For all the appreciation Dr Dre’s 2015 comeback Compton endured, critical consensus deemed the long-awaited project sorely missed the silky vocals of Nate Dogg (R.I.P.), who was the dependable soulful fixture of many Dre-helmed albums over the past two decades.

Yet Compton was nonetheless lit up by the appearance of the then-largely-unknown Anderson .Paak on six of its tracks. His distinctive, gravelly tones added an earthier feel to proceedings, bolstering those eyebrow-raising claims that the man once known as Breezy Lovejoy could be a possible successor to the late, great Nate, who had tragically passed away in 2011. Indeed, the Oxnard-born vocalist’s stock in the game has skyrocketed since then, thanks to his acclaimed solo debut Malibu, which dropped back in January, and an impressive range of guest slots, including sure-shot collabos with Los Angeles mainstays such as The Game and ScHoolboy Q.

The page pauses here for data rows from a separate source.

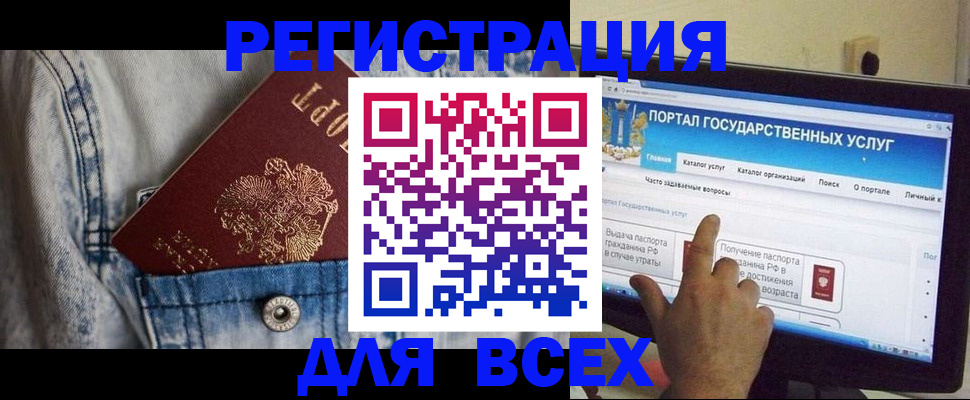 временная регистрация для всех в Кирово-Чепецке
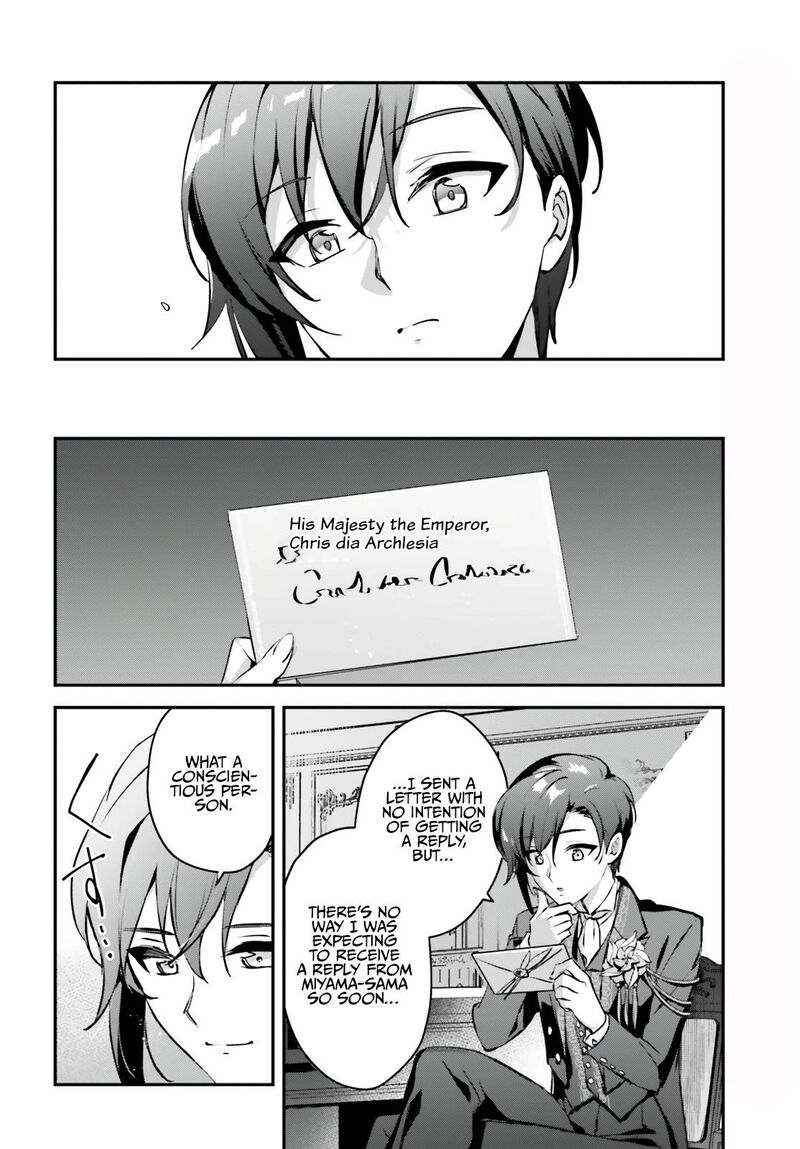 Yuusha Shoukan Ni Makikomareta Kedo Isekai Wa Heiwa Deshita 34e 25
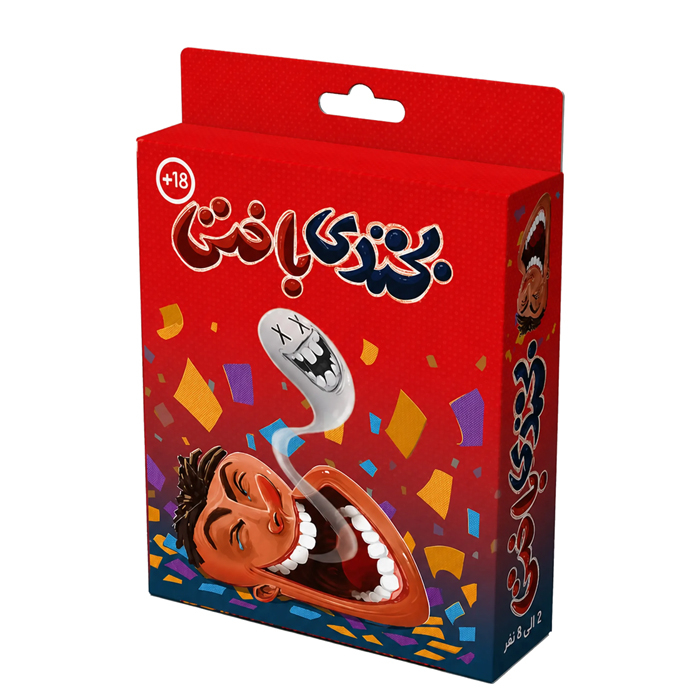 بازی فکری مدل بخندی باختی طرح جیبی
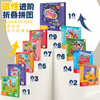 【开发大脑潜能❗️幼儿磁性拼图书】儿童磁性拼图进阶益智男孩女孩宝宝幼儿玩具2-3到6岁4磁力大拼图父亲节礼物新年礼盒年货礼盒 商品缩略图2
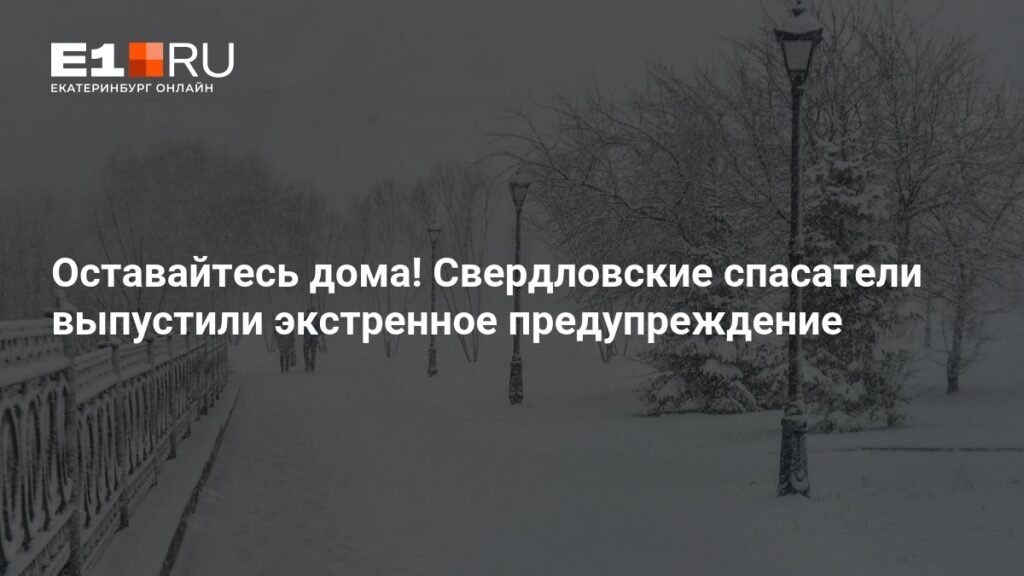 Свердловские спасатели предупреждают: морозы до -42 градусов и ветер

Less visible, however, was his intriguing pair-up towards the end of last year with Philly-born, New Jersey-raised and LA-based producer Knxwledge. Their dope EP proved to be a subtle flipside to Dre’s bombastic Compton. Now, the duo – collectively known as NxWorries — have crafted a confidently offbeat and sultry full-length work in Yes Lawd!

Dropping on the perennially forward-thinking Stones Throw imprint, it’s very much a 21st century soul album, yet still redolent of the free-flowing, idiosyncratic Hip Hop vibe forged by the likes of Madlib, MF Doom and J. Dilla (all of whom, of course, dropped some of their best material on Peanut Butter Wolf’s storied label).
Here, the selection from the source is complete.